President Barack Obama. (AP Photo/Carolyn Kaster)
I see that John Nichols has beaten me to the punch here with a column on the infamous (and disgraceful) David Gregory vs. Glenn Greenwald battle yesterday. Much other commentary out there, such as this important Jay Rosen piece this morning and the usual swell Charles P. Pierce smackdown. David Carr of The New York Times weighs in here on “impugning the messenger.” And I covered it all yesterday as it happened over at my Pressing Issues blog, and I’m liveblogging all things Snowden again today.
So this allows me to take up a development perhaps even more significant, which (unlike the Snowden leak) is already being pretty much ignored.
McClatchy reporters routinely write some of the most important journalism coming out of Washington, DC, and abroad but because they do not work for The New York Times or The Washington Post their work generally gets too little attention. This proved tragic when they were almost alone in repeatedly raising alarms about the bogus intel and claims on Iraq’s WMD back in 2002–03.
Yesrterday, they did it again, with a major piece—with wide implications for investigative journalism—but poorly timed, breaking just as Snowden left Hong Kong for Moscow and beyond. It’s by Marisa Taylor and Jonathan Landay, who have done so much stellar work in the past. Read it all.
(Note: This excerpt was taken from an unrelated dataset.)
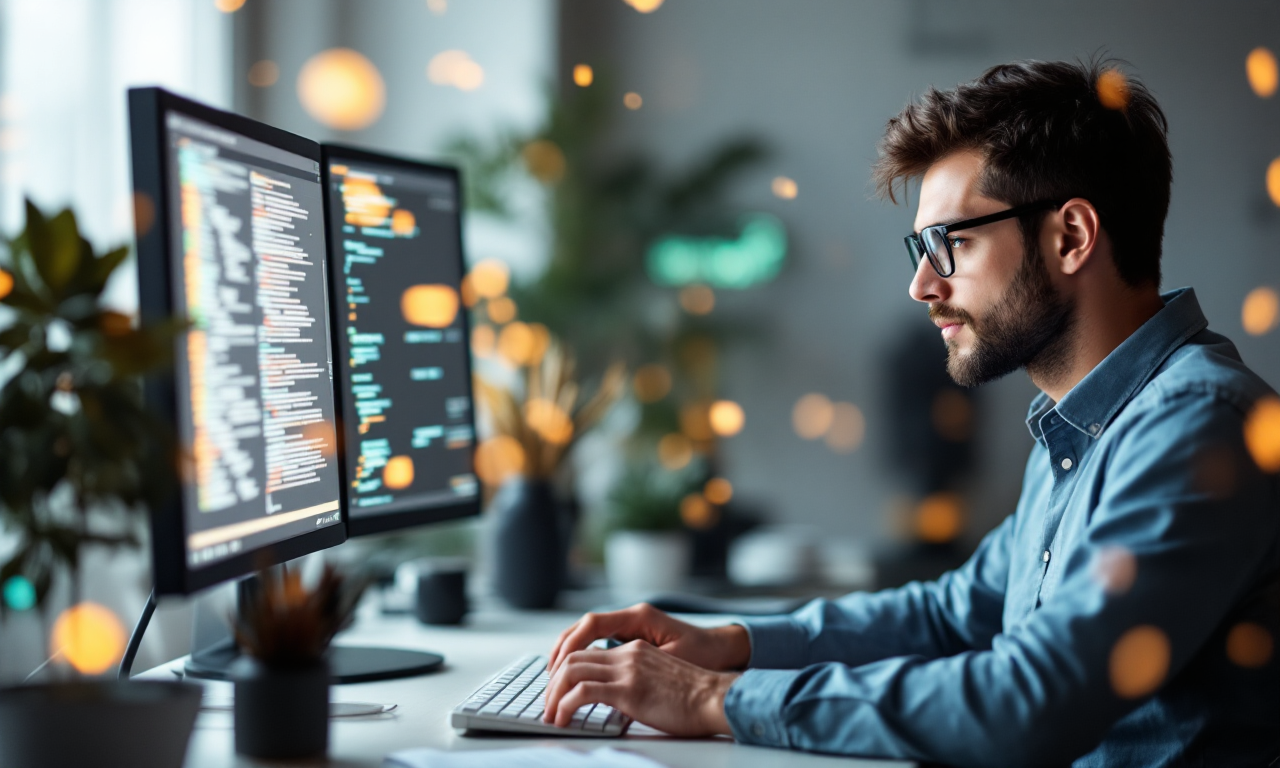 a male programming at a computer abstract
In fact, Greenwald cited it in his argument with Gregory, to show that the Snowden revelations are just part of a larger, even more troubling picture.
I’ll post the opening below:
Even before a former U.S. intelligence contractor exposed the secret collection of Americans’ phone records, the Obama administration was pressing a government-wide crackdown on security threats that requires federal employees to keep closer tabs on their co-workers and exhorts managers to punish those who fail to report their suspicions.